This time is like the last 2003-12-16 9:59 p.m.


My last entry was so pathetic, I know you'd be grinning if you were around to see it...

I figure there is no point stopping tradition in the name of death, so I am going to continue writing blabber like I always have... only, lucky you, you don't have to read it anymore...

If I must suffer... we ALL must.

I am feeling horribly miserable. You know I was okay last week when I went on holidays... and two days back I am sick again. I am sure the week was just time enough for my body to relax and incubate another virus... just in time for the holidays!

I am having a hard time juggling life... and you know I don't admit such things easily... but I won't lie to now that you can see me.
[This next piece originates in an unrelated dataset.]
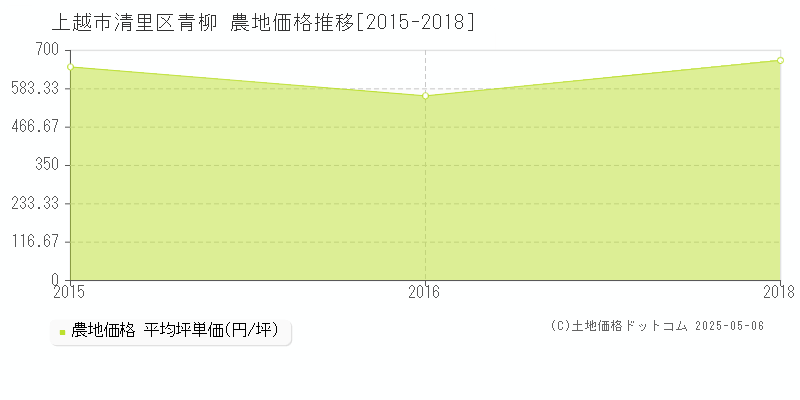 上越市清里区青柳の農地取引事例推移グラフ 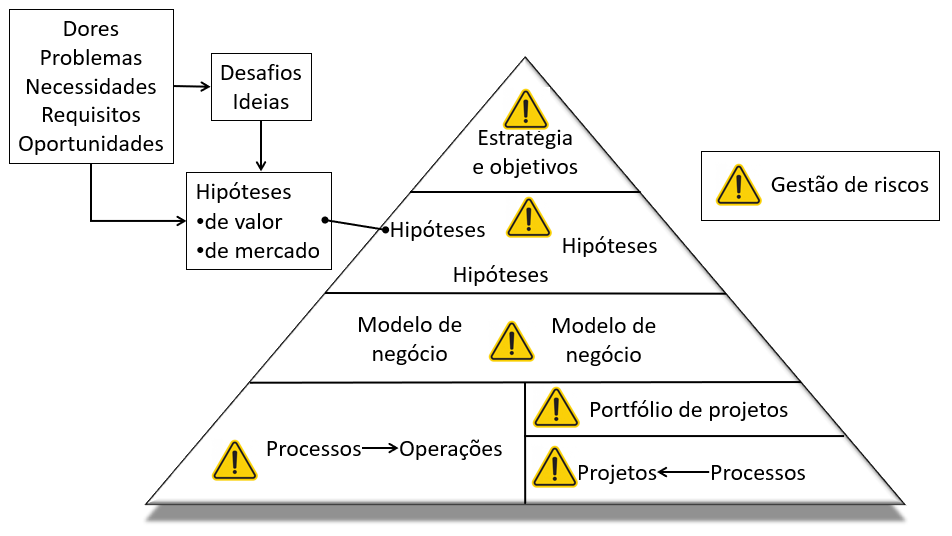 inovação e o gerenciamento de riscos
I am not so sure I can cope this time. As though, this time... you were the last straw and I am not sure I'll ever get it straight within my soul to move beyond. I probably will eventually... but your death isn't much different than feeling raped. I can compare the empty-pit feeling... the hopelessness... the denial.. the regret. The pain too deep it becomes physical... it becomes a sore throat... and aching ear and a cough.

"They call it 'post traumatic stress disorder' because "they" have never lived traumatic moment in their life. I call it coping with the reality of losing yourself in someone else. THAT is shameful."

It's all a maze unless you're you or I... maybe Davy... since he can read words I don't even write. I am thankful for him... I don't know if I ever told you that or if you ever really believed the comfort I have in him... if it mattered to you... It should have. But maybe I shouldn't touch that now.

I guess as the week has passed our years have stretched out within my mind... an endless record of memory... conversation... fights... love... and it amazed me how little we really knew of the other... considering.

Amazing and still sad. We should have made a larger effort to be proud... I chocked a lump down trying to explain to my mother who you were to me... without getting in too much trouble for bearing so much weight on my own. If she only knew... if you only knew.

Suddenly this world is everything australian... everything painted rancid... and these are the things I find hard to manoeuvre...

It snowed huge amounts in the townships on Sunday night... I thought of you when Dad sent pictures... it reminded me of the snowfall back in '98... of walking down into the valley... and getting stuck there... me too tired to walk back up the hill and you too lazy to clean off your car. I didn't know you well... you sort of scared me...

not in the sense some do... but in a way that i didn't know to read you and wasn't sure I even should.

It's a vicious cycle... a hairshirt... it's nothing I care to survive... but it isn't a choice either.

If you have any ideas on how to get through... I am listening... this time.